И тут он меня перебил:

– Эх, Асенька, нам и на своем месте хватает! Послушай, у меня к тебе очень серьезный разговор. Я его долго обдумывал. Мы с тобой уже разобрались, что за осиное гнездо манохинская фирма. Ирино возвращение им как кость в горле, они так просто не успокоятся. Так вот, пока они тебя не вычислили, надо оттуда сбегать. Немедленно – и так, чтобы не вызвать никаких подозрений. Ты согласна?

Легко ему говорить! А жить как? Где я ещё такую работу найду? Но тут я вспомнила Ирино словечко "рассосется" – и до меня начало доходить. Действительно, не время прятать голову в песок...

– Ну, предположим.

– И я знаю, как это сделать – ты выходишь за меня замуж. А я не хочу, чтобы моя жена работала, и ты поэтому увольняешься.
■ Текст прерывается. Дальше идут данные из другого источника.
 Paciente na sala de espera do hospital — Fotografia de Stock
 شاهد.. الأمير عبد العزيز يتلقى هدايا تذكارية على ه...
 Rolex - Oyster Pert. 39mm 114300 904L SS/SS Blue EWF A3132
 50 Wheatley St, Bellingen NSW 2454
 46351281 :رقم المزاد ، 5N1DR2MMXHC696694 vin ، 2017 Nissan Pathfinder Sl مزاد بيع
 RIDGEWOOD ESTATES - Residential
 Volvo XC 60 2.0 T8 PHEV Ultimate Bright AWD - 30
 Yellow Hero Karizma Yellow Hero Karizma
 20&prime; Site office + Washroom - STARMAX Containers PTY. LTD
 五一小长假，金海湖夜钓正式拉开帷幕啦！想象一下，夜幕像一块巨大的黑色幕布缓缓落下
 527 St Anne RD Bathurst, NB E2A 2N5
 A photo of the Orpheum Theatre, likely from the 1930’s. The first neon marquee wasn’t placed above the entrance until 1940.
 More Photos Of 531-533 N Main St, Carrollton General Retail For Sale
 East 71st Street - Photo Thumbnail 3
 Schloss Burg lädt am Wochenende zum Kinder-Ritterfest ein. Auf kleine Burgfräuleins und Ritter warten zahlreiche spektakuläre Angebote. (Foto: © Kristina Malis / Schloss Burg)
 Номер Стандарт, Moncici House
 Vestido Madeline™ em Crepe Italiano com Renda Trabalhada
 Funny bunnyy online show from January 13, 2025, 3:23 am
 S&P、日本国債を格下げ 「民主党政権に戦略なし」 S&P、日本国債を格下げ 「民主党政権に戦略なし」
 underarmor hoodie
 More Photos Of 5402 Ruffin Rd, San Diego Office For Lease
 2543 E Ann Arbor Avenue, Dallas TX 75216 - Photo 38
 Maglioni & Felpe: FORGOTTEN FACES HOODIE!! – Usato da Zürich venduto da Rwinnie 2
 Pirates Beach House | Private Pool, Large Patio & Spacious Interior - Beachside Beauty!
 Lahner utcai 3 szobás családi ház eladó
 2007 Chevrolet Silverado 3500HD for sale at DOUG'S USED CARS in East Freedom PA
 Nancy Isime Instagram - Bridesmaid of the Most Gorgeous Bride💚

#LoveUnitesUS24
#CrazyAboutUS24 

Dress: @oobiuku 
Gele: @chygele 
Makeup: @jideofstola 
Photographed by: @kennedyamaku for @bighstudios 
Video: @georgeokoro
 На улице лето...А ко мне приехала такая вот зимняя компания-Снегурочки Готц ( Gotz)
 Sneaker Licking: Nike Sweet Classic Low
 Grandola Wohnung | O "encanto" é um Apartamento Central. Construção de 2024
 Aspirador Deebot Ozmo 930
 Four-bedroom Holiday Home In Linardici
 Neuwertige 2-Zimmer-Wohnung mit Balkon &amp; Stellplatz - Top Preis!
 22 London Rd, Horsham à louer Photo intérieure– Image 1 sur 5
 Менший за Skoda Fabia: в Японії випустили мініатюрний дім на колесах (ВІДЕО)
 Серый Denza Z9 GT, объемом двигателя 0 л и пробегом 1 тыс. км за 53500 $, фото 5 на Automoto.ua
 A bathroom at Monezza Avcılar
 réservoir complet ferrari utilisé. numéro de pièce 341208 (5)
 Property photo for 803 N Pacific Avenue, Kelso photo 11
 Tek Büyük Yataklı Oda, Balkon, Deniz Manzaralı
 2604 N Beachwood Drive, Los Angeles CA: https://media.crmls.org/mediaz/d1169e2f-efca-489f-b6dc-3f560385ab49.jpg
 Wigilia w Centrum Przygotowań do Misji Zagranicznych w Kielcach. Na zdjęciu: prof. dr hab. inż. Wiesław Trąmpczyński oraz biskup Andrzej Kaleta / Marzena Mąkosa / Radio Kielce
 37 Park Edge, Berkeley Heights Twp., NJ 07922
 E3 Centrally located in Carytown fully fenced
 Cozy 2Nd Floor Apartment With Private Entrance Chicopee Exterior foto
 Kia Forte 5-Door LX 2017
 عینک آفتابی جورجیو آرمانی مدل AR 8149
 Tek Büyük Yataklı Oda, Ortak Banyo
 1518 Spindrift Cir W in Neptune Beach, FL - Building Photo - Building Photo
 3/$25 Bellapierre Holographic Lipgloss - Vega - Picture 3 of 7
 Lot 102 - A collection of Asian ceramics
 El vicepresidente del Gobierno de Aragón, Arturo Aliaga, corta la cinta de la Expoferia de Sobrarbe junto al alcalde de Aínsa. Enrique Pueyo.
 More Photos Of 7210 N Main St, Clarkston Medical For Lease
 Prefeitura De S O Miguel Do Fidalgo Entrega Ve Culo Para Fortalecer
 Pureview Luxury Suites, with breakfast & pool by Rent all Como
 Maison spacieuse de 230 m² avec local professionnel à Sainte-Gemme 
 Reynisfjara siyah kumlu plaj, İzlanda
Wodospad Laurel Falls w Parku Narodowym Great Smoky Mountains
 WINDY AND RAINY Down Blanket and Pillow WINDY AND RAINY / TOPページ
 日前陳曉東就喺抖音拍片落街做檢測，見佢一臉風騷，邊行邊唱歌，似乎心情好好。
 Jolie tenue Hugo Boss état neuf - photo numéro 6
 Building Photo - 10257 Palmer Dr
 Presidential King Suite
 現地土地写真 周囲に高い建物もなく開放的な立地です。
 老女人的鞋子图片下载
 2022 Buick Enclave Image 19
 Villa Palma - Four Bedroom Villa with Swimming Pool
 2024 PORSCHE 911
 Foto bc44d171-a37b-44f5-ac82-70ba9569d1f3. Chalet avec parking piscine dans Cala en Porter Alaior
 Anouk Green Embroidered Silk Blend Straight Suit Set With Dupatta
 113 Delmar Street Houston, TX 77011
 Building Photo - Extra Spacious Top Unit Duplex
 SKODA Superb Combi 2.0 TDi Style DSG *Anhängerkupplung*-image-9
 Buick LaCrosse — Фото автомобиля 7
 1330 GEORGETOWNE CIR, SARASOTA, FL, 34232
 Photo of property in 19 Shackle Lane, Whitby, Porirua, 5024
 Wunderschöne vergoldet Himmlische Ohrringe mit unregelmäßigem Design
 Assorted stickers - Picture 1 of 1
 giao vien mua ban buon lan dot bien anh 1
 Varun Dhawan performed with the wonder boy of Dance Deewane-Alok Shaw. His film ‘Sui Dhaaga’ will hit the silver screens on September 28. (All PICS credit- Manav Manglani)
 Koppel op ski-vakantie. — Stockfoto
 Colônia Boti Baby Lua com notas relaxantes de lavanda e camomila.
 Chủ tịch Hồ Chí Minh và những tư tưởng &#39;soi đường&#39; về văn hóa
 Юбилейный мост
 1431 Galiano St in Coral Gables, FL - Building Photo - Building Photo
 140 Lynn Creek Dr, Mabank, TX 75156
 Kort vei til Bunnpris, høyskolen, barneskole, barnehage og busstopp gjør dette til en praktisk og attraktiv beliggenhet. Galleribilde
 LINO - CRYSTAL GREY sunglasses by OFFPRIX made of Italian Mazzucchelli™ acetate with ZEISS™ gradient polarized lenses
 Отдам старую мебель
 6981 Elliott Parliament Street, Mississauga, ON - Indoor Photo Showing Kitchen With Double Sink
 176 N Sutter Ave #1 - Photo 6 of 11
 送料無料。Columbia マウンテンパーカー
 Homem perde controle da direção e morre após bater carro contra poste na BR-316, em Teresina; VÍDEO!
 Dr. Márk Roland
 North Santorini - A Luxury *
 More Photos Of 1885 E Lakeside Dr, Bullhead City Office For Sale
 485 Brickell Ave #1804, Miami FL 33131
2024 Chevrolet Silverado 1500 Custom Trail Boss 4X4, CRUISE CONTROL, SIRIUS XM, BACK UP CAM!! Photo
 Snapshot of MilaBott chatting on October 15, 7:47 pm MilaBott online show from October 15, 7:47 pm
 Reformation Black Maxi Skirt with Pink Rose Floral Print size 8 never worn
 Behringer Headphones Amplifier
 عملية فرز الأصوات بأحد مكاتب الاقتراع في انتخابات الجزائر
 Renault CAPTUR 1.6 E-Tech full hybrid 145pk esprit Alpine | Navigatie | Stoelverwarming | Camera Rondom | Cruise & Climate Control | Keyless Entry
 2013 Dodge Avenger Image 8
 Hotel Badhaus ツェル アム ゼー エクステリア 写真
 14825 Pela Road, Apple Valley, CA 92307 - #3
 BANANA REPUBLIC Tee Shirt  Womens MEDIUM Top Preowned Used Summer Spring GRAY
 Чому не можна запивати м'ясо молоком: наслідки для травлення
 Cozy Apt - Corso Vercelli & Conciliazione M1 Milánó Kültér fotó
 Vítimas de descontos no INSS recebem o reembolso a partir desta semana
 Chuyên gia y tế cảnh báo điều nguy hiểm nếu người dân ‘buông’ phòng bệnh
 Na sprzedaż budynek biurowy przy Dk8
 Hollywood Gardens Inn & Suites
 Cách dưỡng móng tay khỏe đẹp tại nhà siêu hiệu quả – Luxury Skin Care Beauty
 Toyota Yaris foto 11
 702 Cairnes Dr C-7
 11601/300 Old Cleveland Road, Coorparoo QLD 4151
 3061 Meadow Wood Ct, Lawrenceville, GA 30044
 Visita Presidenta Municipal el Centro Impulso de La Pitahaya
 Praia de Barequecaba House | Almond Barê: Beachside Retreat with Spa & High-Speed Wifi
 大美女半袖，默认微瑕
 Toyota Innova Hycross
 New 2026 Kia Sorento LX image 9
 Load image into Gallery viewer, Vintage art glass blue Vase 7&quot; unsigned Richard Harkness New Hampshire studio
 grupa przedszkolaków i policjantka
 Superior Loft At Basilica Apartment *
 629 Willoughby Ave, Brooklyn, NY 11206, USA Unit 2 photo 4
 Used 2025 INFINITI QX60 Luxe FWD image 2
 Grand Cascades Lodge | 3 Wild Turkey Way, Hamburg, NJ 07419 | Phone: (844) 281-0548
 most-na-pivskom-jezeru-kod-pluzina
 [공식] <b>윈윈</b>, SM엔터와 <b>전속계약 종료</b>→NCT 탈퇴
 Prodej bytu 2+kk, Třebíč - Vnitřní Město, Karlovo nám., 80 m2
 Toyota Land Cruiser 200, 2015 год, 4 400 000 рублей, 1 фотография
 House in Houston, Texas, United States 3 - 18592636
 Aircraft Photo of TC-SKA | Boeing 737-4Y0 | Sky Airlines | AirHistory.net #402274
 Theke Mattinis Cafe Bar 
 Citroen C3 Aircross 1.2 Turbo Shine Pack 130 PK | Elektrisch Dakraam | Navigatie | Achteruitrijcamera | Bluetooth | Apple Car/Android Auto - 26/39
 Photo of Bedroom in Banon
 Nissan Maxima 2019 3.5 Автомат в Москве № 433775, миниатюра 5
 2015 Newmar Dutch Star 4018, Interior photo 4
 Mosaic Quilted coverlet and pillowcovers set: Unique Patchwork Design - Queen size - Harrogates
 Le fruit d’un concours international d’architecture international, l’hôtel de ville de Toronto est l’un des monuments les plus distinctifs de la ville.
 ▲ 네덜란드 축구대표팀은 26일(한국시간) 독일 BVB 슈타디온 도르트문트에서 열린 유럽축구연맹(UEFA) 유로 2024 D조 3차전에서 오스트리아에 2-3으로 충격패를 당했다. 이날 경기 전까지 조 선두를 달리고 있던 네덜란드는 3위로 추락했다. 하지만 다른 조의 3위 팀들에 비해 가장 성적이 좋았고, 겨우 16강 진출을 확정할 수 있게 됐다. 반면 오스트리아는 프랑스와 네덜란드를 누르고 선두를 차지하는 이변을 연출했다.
– Так, недурно. Главное, логично.

Я мысленно прокрутила этот вариант – ничего не скажешь: по-своему даже очень логично. Только ни слова о чувствах...

– Значит, Дима, мое замужество – так, фикция? Я увольняюсь и все в порядке?

– Нет, Анна Георгиевна, никакая не фикция! Я и в самом деле прошу твоей руки. Если хочешь, могу даже на колени встать... Вот только слов красивых говорить не умею, да и не люблю. Мне с тобой хорошо и я хочу, чтобы так всегда было...

Оч-чень изящно! Он хочет! На колени – это было бы даже забавно. Недурно было бы, чтобы он ещё и моим мнением поинтересовался!

Дима перебил мои мысли:

– Ну что, Рыжая, ты согласна?

– В определенной мере... Я согласна, чтобы ты встал на колени.

– А еще?

– А еще... Понимаешь, Дима, это очень серьезно – то, что ты мне предложил. Я должна подумать хоть немного, в себе разобраться, в наших отношениях... Я не могу так сразу...

– А если бы это было только прикрытие?

– Тогда и разговор был бы другой... Но, насколько я поняла, это не только прикрытие? Или тебя устроит любой вариант?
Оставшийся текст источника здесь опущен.